Dear Cardano Community,
Earlier this month, Catalyst Team formally submitted roadmap proposal into an ongoing Cardano budget formation period. You can find the original Cardano forum post here for more reference. Following the extensive consultation period, the Catalyst Team has gathered feedback from across the ecosystem (including gov.tools platform) to help deepen our shared understanding of the roadmap and reinforce our commitment to transparency and accountability.
Below, you will find the answers to questions about Catalyst proposal bundled into five core themes, aimed at fostering clarity and ongoing dialogue.

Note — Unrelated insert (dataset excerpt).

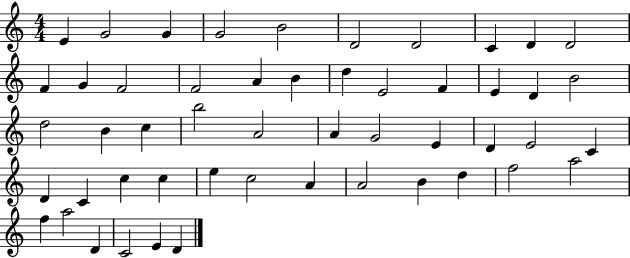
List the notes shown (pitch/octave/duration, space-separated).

Please don’t hesitate to continue sharing your questions or ideas in the comments. Our team is enthusiastic about maintaining the ongoing conversations.
Thanks again!
– Catalyst Team at Input Output
A: Overview
A total of ₳69,459,000 is being requested to support Catalyst’s funding activities, infrastructure development, and community engagement over the next 12 months. This includes:
- ₳64.3M to fund community-driven innovation, a RetroPGF pilot, and the operations required to run three funding rounds.
- ₳5.159M to continue development of Catalyst’s digital infrastructure - specifically the Catalyst UI/UX and Hermes backend systems.
B: Breakdown by workstream
- Community Funding and Operations
A total of ₳64,300,000 is requested for:
₳60M: Community Funding
To be disbursed to community builders and ecosystem roles based on community-voting decisions. Funding shall be allocated across three rounds launched over 12 months (Fund14, 15, 16 - targeting ₳20M each) to support an estimated 500-700 new Cardano projects across these funding categories:
- Cardano Concepts - Early-stage ideas and pilots
- Cardano Partners & Products - Later-stage pilots
- Cardano Open Developers - Open-source software development initiatives
- Cardano Open Ecosystem - Grassroots and community-driven, non-technical initiatives
₳1M: Retroactive Public Goods Funding (RetroPGF) Pilot
Launch a pilot program to reward completed, high-impact public goods such as developer tools, educational content, and potentially regional contributions.
₳3.3M: Fund Operations
Covers the full operational lifecycle of 3 funding rounds from planning and communications, through compliance, management of grantees, tooling and data publishing.
Breakdown:
- 70% - Staffing including FTE, subcontractors, and vendors
- 20% - Software licences and tooling
- 10% - Infrastructure costs
- Catalyst UI/UX and Hermes infrastructure R&D
A total of ₳5,159,000 is requested for:
- ₳2.48M for Catalyst interface design and development
- ₳2.68M for Hermes infrastructure development
Breakdown:
- 85% - Staffing including product, engineering and testing employees and contractors
- 10% - Infrastructure costs
- 5% - Technical audit
- Clarification on Catalyst Launch Events
The ₳400K budget is dedicated to Catalyst Fund launch events and Catalyst discovery workshops, which have proven instrumental in forging significant strategic partnerships, enhancing legitimacy and brand reputation, and fostering more ecosystem growth.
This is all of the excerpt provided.